For Sheffer, who spent 14 of his 22 years as an Air Force military policeman working with dogs, showcasing the abilities of four-legged secret weapons like Coba is an important mission.
But it tends to be the more dog-like things that ultimately draw troops in.
"Obviously, her ideal mission is to go out and find explosives, but if it will help the Soldier, Sailor, Airman and Marine get through, then I'll call her a therapy dog also," said Sheffer as Coba relaxed on the tent floor, a tennis ball laid before her paws next to a pool of water she lapped from a Dixie cup moments before.
"Most of them have pets at home that they miss -- and it just brings them closer to their families and pets back home," he said. "Everywhere we go, people stop and say, 'oh, I miss my dog. It's so great to see your dog out here.' "
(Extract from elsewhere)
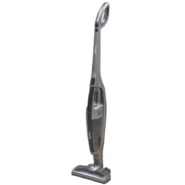 جارو شارژی 2 حالته بلانزو BRV-6020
Sheffer travels to installations and training centers across the country seeking out the right Soldiers to lead the uniquely trained dogs overseas. This is the second appearance the TEDDs have made at NTC.
But wherever Sheffer goes, the reactions are the same, and the softer side of troops shows through.
"Every time we went out to a platoon or company, the Soldiers wanted to come over and pet the animals," he said.
"What it does is lift the Soldiers' spirit," said Sgt. 1st Class Kelly Pippin, the training observer who followed Sheffer and his dog around for their visit to the training center. "They see something that reminds them of home -- that first pet they might have had."
And to Sheffer, that can be a game changer for not only motivation but job performance.
"It's just a little piece of home," he said. "And the happier you are, the better you're going to function.
"That's just the psychology of any job -- if you're out there and something made you happy, it's just going to boost your morale and make you want to go out and perform."
Pippin, a 21-year Army military policeman who oversaw the deployment of explosives detection dogs to various operating bases across Afghanistan on his most recent deployment, has witnessed that first hand.
"I've had Soldiers say, 'hey, sergeant, can I play with your dog?' And then they're like, 'hey, sergeant, I'm ready, let's go!' " he said.
"For some strange reason, petting a dog -- whatever anger's built up goes right away," he added. "It's a great stress reliever to play with the dog."
It's a proven fact, Pippin said, that the dogs work as successful explosives detection devices.
But this device, trying to cool off in middle of the Mojave Desert, is different. It will lick you; it will love you; it will take you back to a place you miss.
And almost always, it will bring out the best in you.